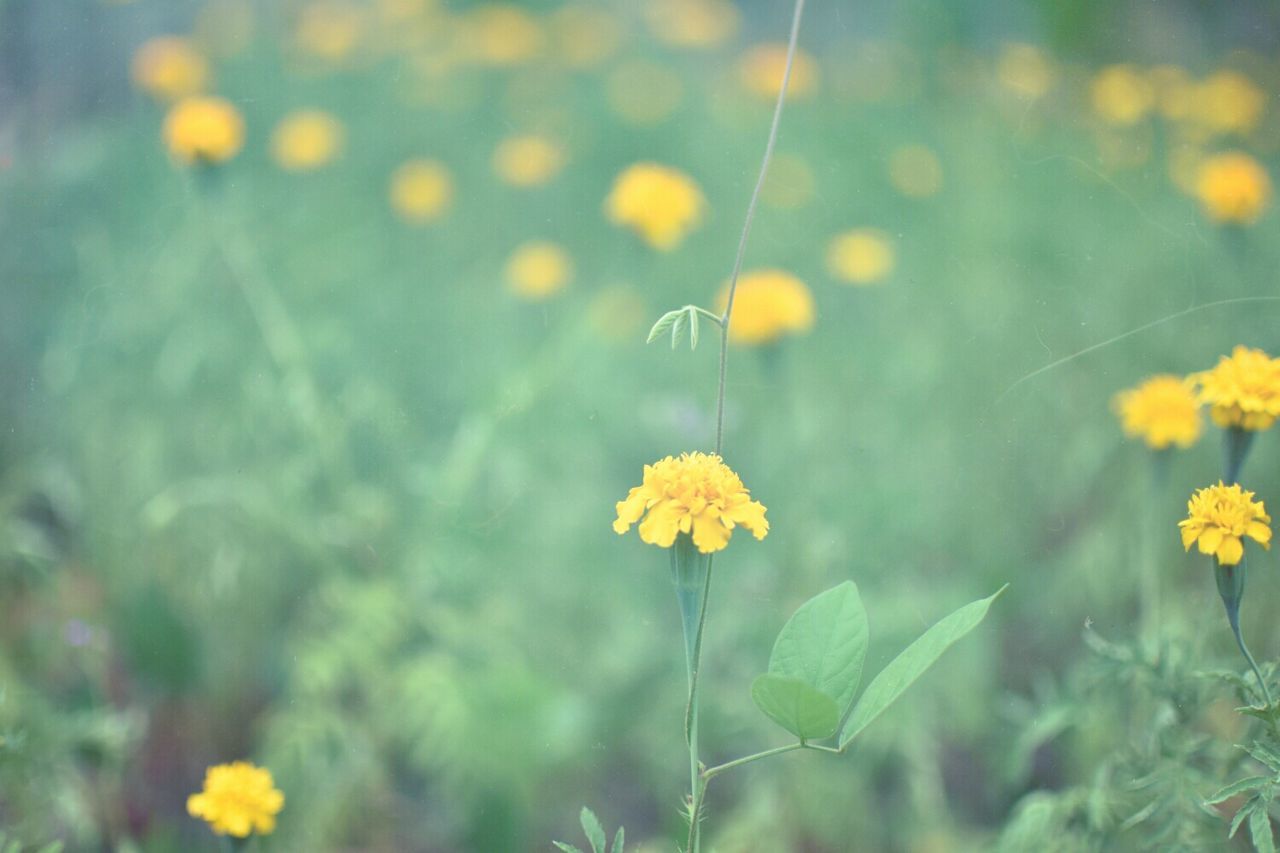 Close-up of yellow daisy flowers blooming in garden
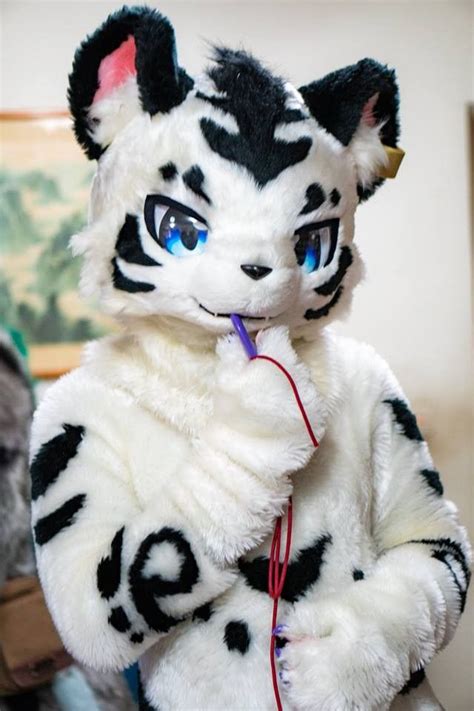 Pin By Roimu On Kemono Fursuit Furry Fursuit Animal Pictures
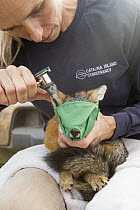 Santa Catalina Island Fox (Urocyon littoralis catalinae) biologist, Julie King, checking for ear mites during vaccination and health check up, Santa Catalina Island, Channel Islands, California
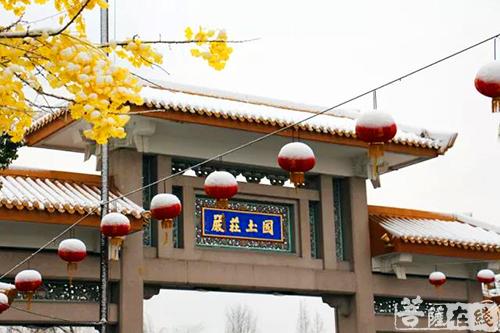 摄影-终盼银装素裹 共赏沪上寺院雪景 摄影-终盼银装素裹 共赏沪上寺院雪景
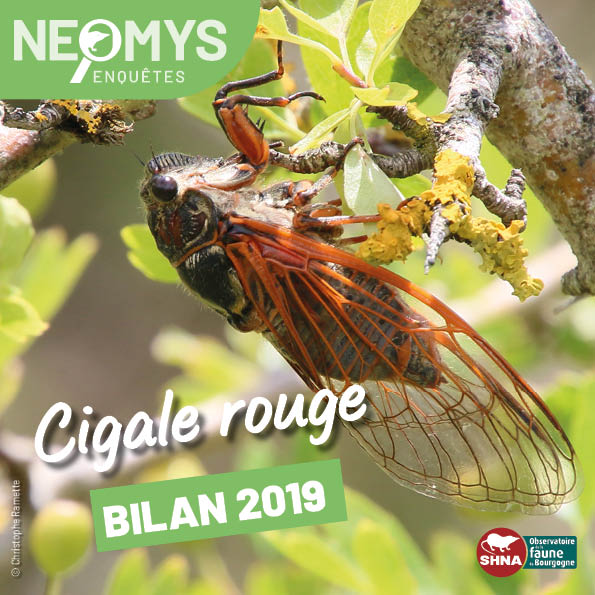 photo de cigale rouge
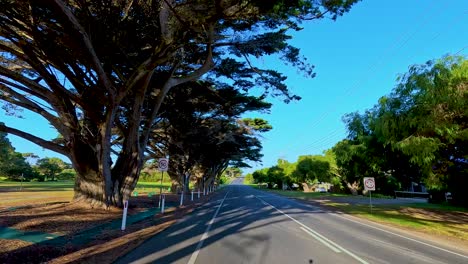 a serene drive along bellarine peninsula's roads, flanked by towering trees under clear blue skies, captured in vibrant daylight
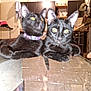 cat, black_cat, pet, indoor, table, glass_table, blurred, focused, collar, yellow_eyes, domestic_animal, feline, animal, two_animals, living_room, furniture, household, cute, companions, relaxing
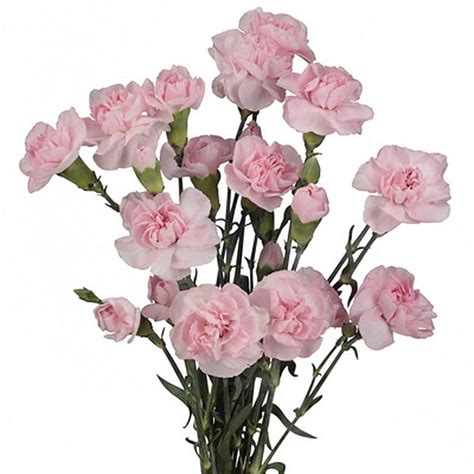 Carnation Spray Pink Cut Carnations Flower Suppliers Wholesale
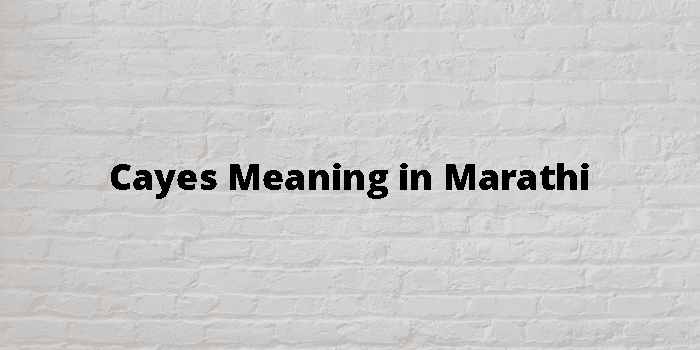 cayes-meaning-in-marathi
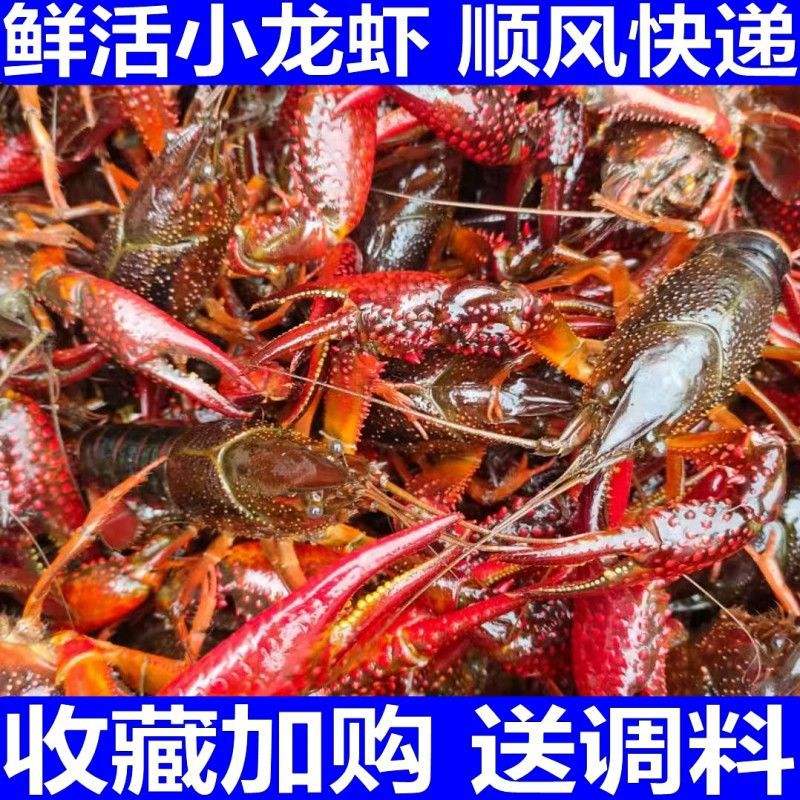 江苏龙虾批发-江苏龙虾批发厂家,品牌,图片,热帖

* _Work order_: Repeat, with no pictures, each line from the beginning of the data through the line containing "Carnation Spray Pink", inclusive.

* _Solution for this exercise_:
 Close-up of yellow daisy flowers blooming in garden
 Pin By Roimu On Kemono Fursuit Furry Fursuit Animal Pictures
 Santa Catalina Island Fox (Urocyon littoralis catalinae) biologist, Julie King, checking for ear mites during vaccination and health check up, Santa Catalina Island, Channel Islands, California
 摄影-终盼银装素裹 共赏沪上寺院雪景 摄影-终盼银装素裹 共赏沪上寺院雪景
 photo de cigale rouge
 a serene drive along bellarine peninsula's roads, flanked by towering trees under clear blue skies, captured in vibrant daylight
 cat, black_cat, pet, indoor, table, glass_table, blurred, focused, collar, yellow_eyes, domestic_animal, feline, animal, two_animals, living_room, furniture, household, cute, companions, relaxing
 Carnation Spray Pink Cut Carnations Flower Suppliers Wholesale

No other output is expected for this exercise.